Faced with having to enforce the law to prohibit anti-transgender discrimination in the aftermath of the U.S. Supreme Court’s landmark decision for LGBTQ rights this summer, the Trump administration has sought to minimize the breadth of the ruling in ways that could still lead to transgender people being denied access to public spaces and activities.
Although the Supreme Court decision in Bostock v. Clayton County, which found anti-transgender discrimination is a form of sex discrimination, thus illegal in the workplace under Title VII of the Civil Rights Act of 1964, would, in theory, apply to all statutes and laws against sex discrimination — the Trump administration is promulgating rules allowing anti-transgender discrimination to persist with respect to sex-segregated facilities, such as homeless shelters and school sports.
It boils down to this legal theory: Denying transgender people access consistently to sex-segregated spaces with their gender identity is not tantamount to discrimination, so long as they’re so afforded entry according to their gender assigned at birth. Forcing transgender people into these spaces inconsistent with their gender identity, however, would be something few would be willing to accept, and may make them more vulnerable to harassment and violence.
Jon Davidson, chief counsel for the LGBTQ group Freedom for All Americans, said the conclusion that the Trump administration is limiting the Bostock ruling with respect to transgender people’s access to sex-segregated spaces “accurately” assesses the situation.
“The administration is arguing that, while bans on sex discrimination encompass gender identity discrimination, they do not, in the administration’s view, require that transgender individuals be treated as the sex with which they identify,” Davidson said.
Most recently, the Trump administration’s position can be found in the Department of Education’s updated letter to schools in Connecticut, which has become ground zero in transgender kids participating in school sports after an incident in which students complained when they were beaten in track and field by transgender athletes. The Alliance Defending Freedom, an anti-LGBTQ legal group, filed a complaint with the Department of Education’s Office of Civil Rights on their behalf.

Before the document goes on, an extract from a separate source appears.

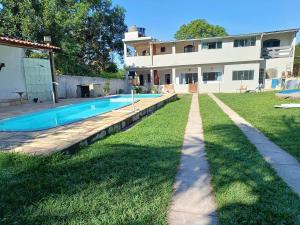 a backyard with a swimming pool and a house at Casa Recanto do Vale Condominio in Guapimirim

Although discrimination on the basis of sex discrimination in schools is prohibited under Title IX of the Education Amendments of 1972, the department opined in a pair of letters dated Aug. 31 the law doesn’t require schools to allow transgender kids to participate consistent with their gender identity, even after the Bostock decision because “the Court expressly declined to decide questions about how its interpretation of Title VII would affect other statutes.”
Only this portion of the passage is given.